> Brief
Please set down each of the lines below once more, exactly, omitting all pictures.

> Data excerpt
- Opening Delimiter -
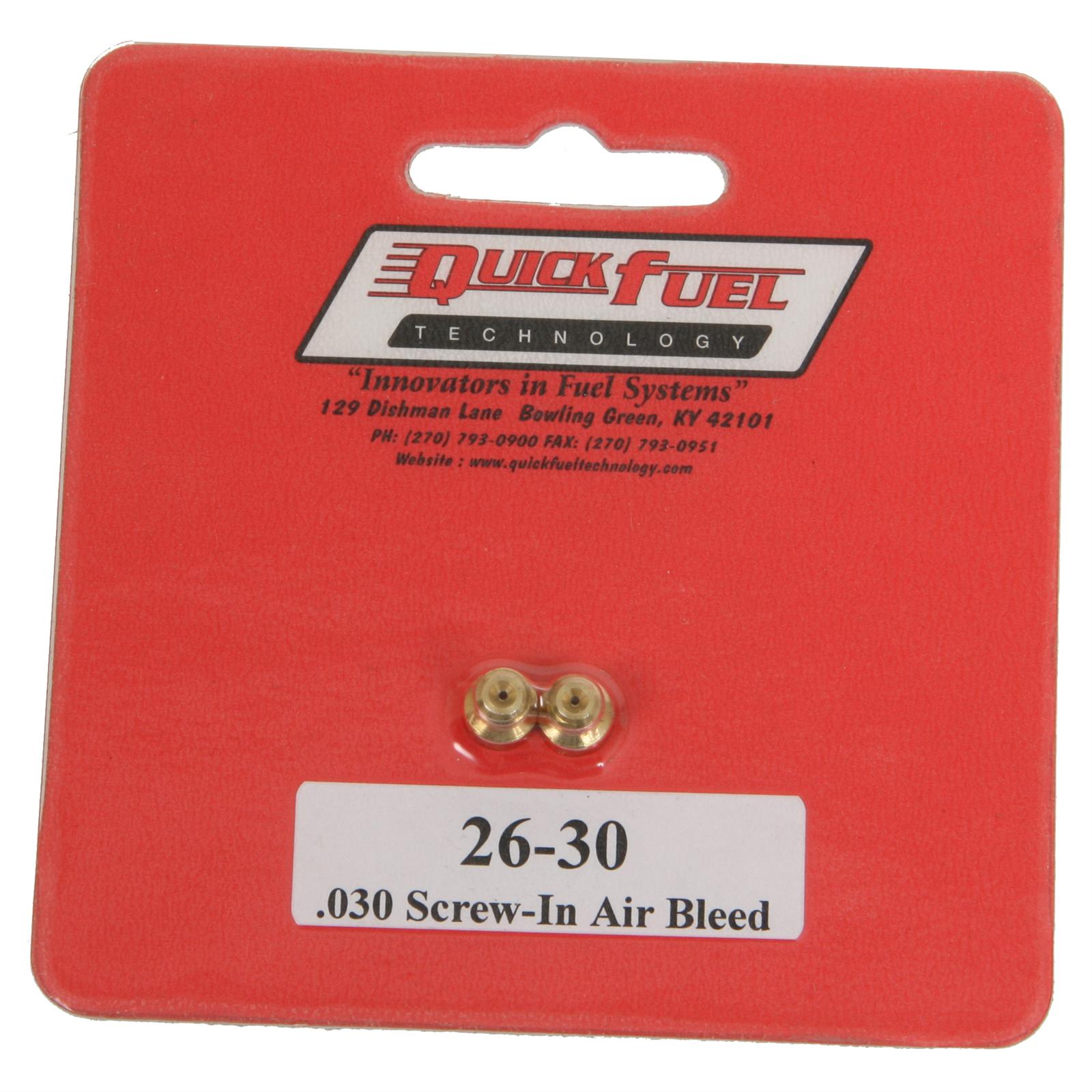 Quick Fuel Air Bleeds 26-30QFT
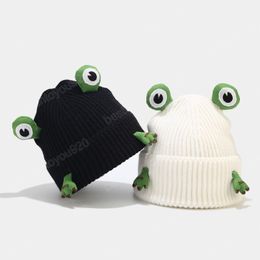 Mode grenouille chapeau hiver bonnets pour femmes hommes chaud tricoté Hip Hop Skullies casquettes filles hiver Bonnet Beanie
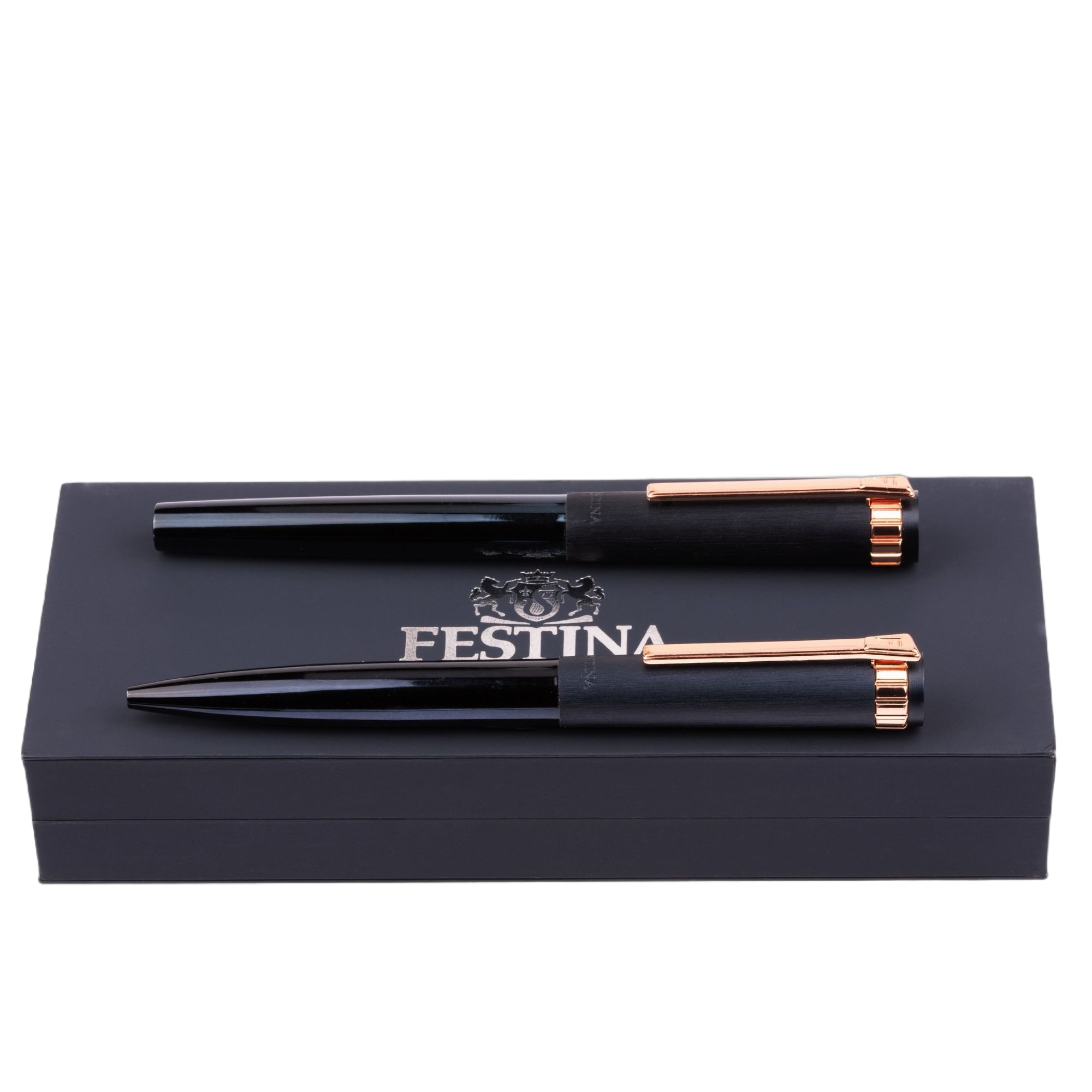 Festina Prestige Rose Gold Set Navy (ballpoint pen & rollerball pen)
- Closing Delimiter -
> Answer space
 Quick Fuel Air Bleeds 26-30QFT
 Mode grenouille chapeau hiver bonnets pour femmes hommes chaud tricoté Hip Hop Skullies casquettes filles hiver Bonnet Beanie
 Festina Prestige Rose Gold Set Navy (ballpoint pen & rollerball pen)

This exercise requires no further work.